Locotrol is a product of Wabtec Corporation that permits railway locomotives to be distributed throughout the length of a train (distributed power). It is installed on more than 20,000 locomotives around the world, sending signals from the lead locomotive and via radio to the remote control locomotives.

==History==
Locotrol was developed in the 1960s by an Ohio telephone and electronics manufacturer, North Electric Company. The technology was later purchased by GE-Harris Railway Electronics predecessor Harris Controls Systems Division of Harris Corporation. The electronics were mounted in a separate railcar, but have since been miniaturised into relatively small cabinets with much of the functionality contained in software. Early Locotrol customers included the Southern Railway, Norfolk & Western Railway, Detroit Edison, Canadian Pacific and Australia's Mount Newman Mining and Queensland Rail. Today numerous railroads use Locotrol, with systems deployed globally numbering in the thousands.

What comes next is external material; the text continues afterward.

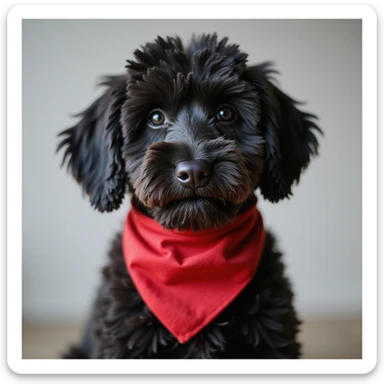 photorealistic black doodle dog wearing a red bandana, accurate details, neutral background sticker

Since 1975, both Queensland Rail and Mount Newman railway in Australia have used the system on coal and iron ore trains, permitting the doubling in the size of trains without exceeding draw-gear strength, through the use of mid-train locomotives. Westrail introduced Locotrol working in 1996, also with retrofitted equipment. In June 2001 BHP Iron Ore in the Australian Pilbara set a record for the longest train with 682 ore cars and eight distributed GE AC6000CW locomotives in a 2-168-2-168-2-168-1-178-1 configuration. BNSF and Union Pacific are major North American Locotrol operators.

==Features==
Originally an aftermarket product, the system is also available as an option on new locomotives. Distributed power itself was not a new concept, but it required an extra train crew to be located in the middle of the train. Two modes of operation can be used: synchronous where all locomotives operate in unison, or independent mode where part of the train heading upgrade can be powering, while the other half can be braking on the downgrade. Most systems use lead and middle of train locomotives, but up to four consists can be controlled from the lead unit.